Chris Moos
Viele Menschen sind über die Verbindungen der LSE zum Gaddafi-Klan überrascht und schockiert. Viele, aber eben nicht alle. Denn wer die LSE kennt, der kann kaum über das Ausmass der Verquickung der LSE mit bestenfalls als dubios zu bezeichnenden Persönlichkeiten überrascht sein.
Wer beispielsweise schon einmal einer Vorlesung im „Sheikh Zayed Theatre“ beigewohnt hat, weiss schon lange, dass die Hochschule wenig Hemmungen hat, sich auch den Namen einer Person anzuheften, dessen Stiftungen weltweit jahrelang Hetze gegen „die Juden, die betrügerischen Feinde aller Völker“ (link: http://articles.latimes.com/2002/aug/31/world/fg-semitic31) verbreitete. Sogar die Universität Harvard, bekanntermassen nicht zimperlich wenn es um Geldbeschaffung geht, war dieser Spender dann wohl doch eine Spur zu ehrlich mit seinen Absichten (link: http://www.boston.com/news/world/middleeast/articles/2004/07/28/harvard_to_return_25m_given_by_arab_president/).
Vielleicht hatte man aber auch schon einmal das Privileg, den Ausführungen von Reza Pankhurst, seines Zeichens Dozent im Department of Government, lauschen zu dürfen. Hier sollte man allerdings wissen, dass Pankhurst letzten Jahr in die Schlagzeilen geraten war, weil er ein bekennendes Mitglied der Hizb-ut-Tahrir ist, der „Partei der Befreiung“, die unter anderem in Deutschland wegen antisemitischer Hetze und Gewaltpropaganda schon im Jahr 2003 verboten wurde (Link: http://www.focus.de/politik/deutschland/kofferbomber_aid_114065.html).
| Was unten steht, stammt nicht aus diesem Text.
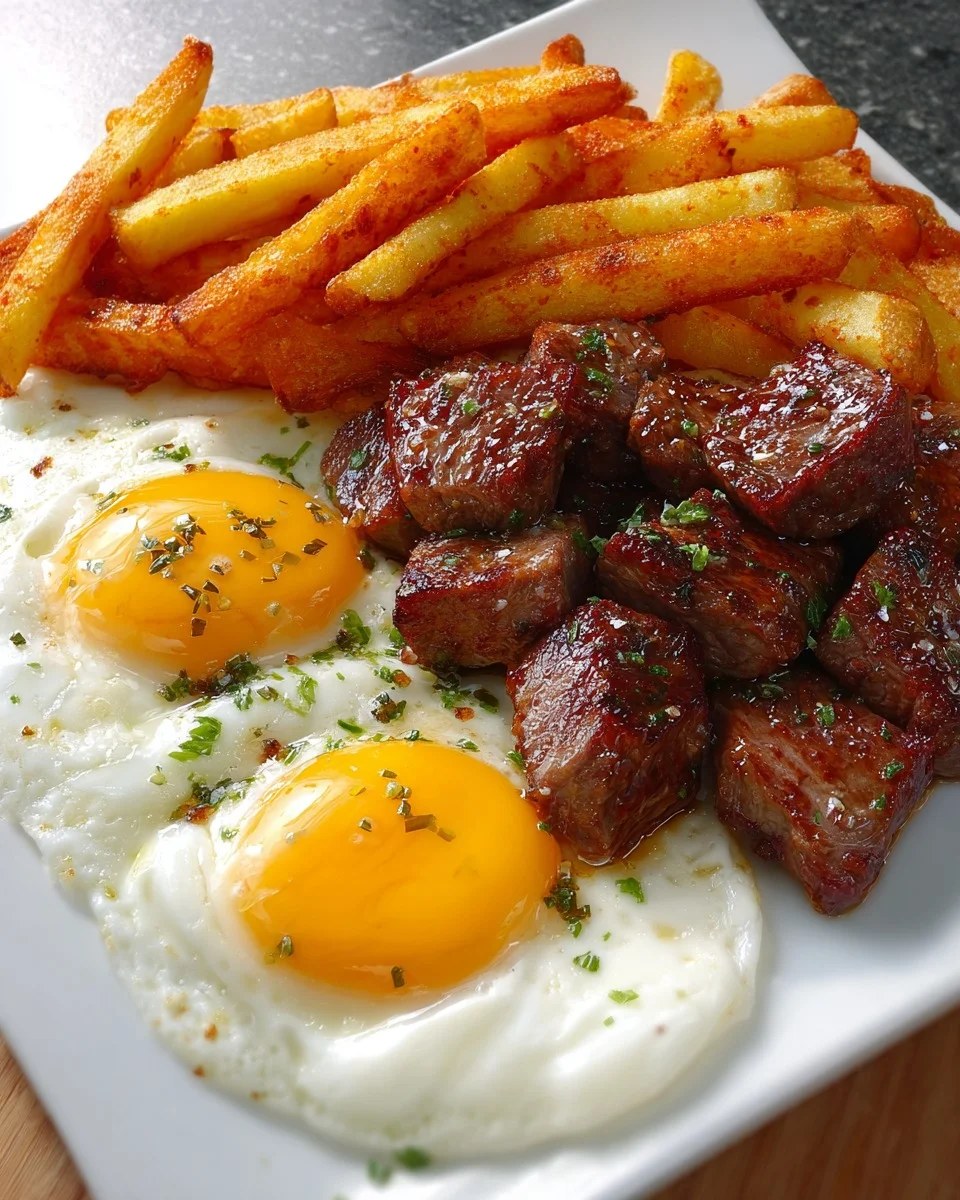 Delicious Steak, Fries & Fried Eggs Recipe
Die gleiche Hizb-ut-Tahrir, die sich übrigens auch jetzt eifrig bemüht, die Volksaufstände in Nordafrika gegen die despotischen Regime als „Ruf nicht nach Demokratie, sondern nach dem Islam“ umzudeuten, denn wie wir ja alle wissen, „könnten Menschen in Demokratien für Dinge stimmen, die im Islam verboten sind, wie die Einrichtung von Bordellen, der Zulassung von Homosexualität und Wucher, und dem Verbot des Betens oder des Kopftuches“ (link: http://www.hizb.org.uk/real-change/are-muslims-calling-for-democracy-or-elections). Als ob die Mitgliedschaft in solch einer Organisation für einen Hochschuldozenten nicht schon genug wäre, arbeitet Pankhurst auch in seiner Freizeit fleissig an der Indoktrinierung seiner Studenten. So beschwerten sich verschiedene Mitglieder der LSE Islamic Society, dass er beim Freitagsgebet unter anderem zu der Etablierung eines Islamischen Kalifats aufrief (link: http://www.timesonline.co.uk/tol/news/uk/article6988753.ece), was von ihm noch nicht einmal zurückgewiesen wurde (link: http://thebeaveronline.co.uk/2010/01/19/a-response-to-allegations/).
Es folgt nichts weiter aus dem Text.